How to write a good story then? Tsai believes that it could only be done through literature; the intricate language should be used to express the complex human emotions. For example, if you are describing the emotions after falling out of love, using the typical language in TV dramas to detail the pain will make the text sound unpolished and lack readability. Citing famous poet Hsia Yu’s Sweet Revenge as an example, Tsai said her poem did not use a single word of yearning and misery but the readers could feel the sense of longing in the poem. Tsai encouraged everyone to expand the possibilities of language to let the readers feel the tides of emotions in their inner world.


Tsai Shi-ping (left) with the Editor-in-Chief of Taiwan’s Linking Publishing Company, Woo Kam Loon

Reading: Settling the Heart’s Desolateness

Book Cover - 回不去了。然而有一種愛

Source: Linking Publishing Company

Why read? Tsai believes that people who love to read are a lonely bunch. The reason they pick up a read is usually because they feel that they are different from the others, and have realised that there are many things in life that they cannot hold on to. As such, Tsai believes that books are mankind’s best friend that can make up for the loneliness within.

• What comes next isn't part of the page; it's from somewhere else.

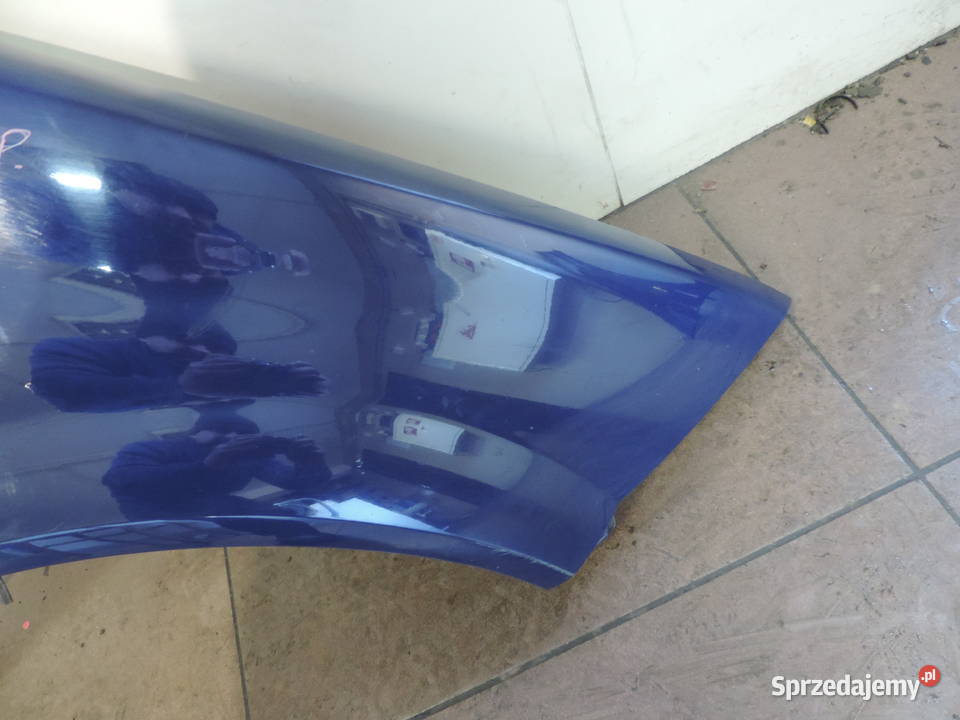 RENAULT MEGANE 2 II FL DV460 BŁOTNIK PRAWY Nowy Sącz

Tsai candidly revealed that he was once lost in life when he was younger. Watching friends around him busily chasing after fame and girls, Tsai just could not get used to that lifestyle and felt desolated. But once he started reading, his loneliness started to dissipate and he began to enjoy the process of understanding the world’s possibilities through the books. The poetry-loving Tsai then went on to use Cheng Chou-yu’s Uncouth Bar as his example: “Who was it that passed down this trade of poetry / Which lit a lamp at dusk”. To Tsai, reading is like lighting a lamp at dusk, bringing light and warmth to the heart.

Philosopher Socrates once said, “The unexamined life is not worth living”. Reading and writing might just be a good way for some introspection.

About Tsai Shi-ping

Born in 1958, Tsai Shi-ping, who holds a master’s degree in political science from National Taiwan University, is a media personality and a writer. Currently the head of a radio station and a radio host, Tsai was previously a university lecturer, lead writer at Lianhe Wanbao, and the Vice-Chairman at the Republic of China Centenary Foundation, among others. His literary works include Who’s Afraid of Politics and Journal of a Thirty-Year-Old Man. Tsai had just launched his latest book, How Should I Tell You: Every day Is an Eternity, in August 2016.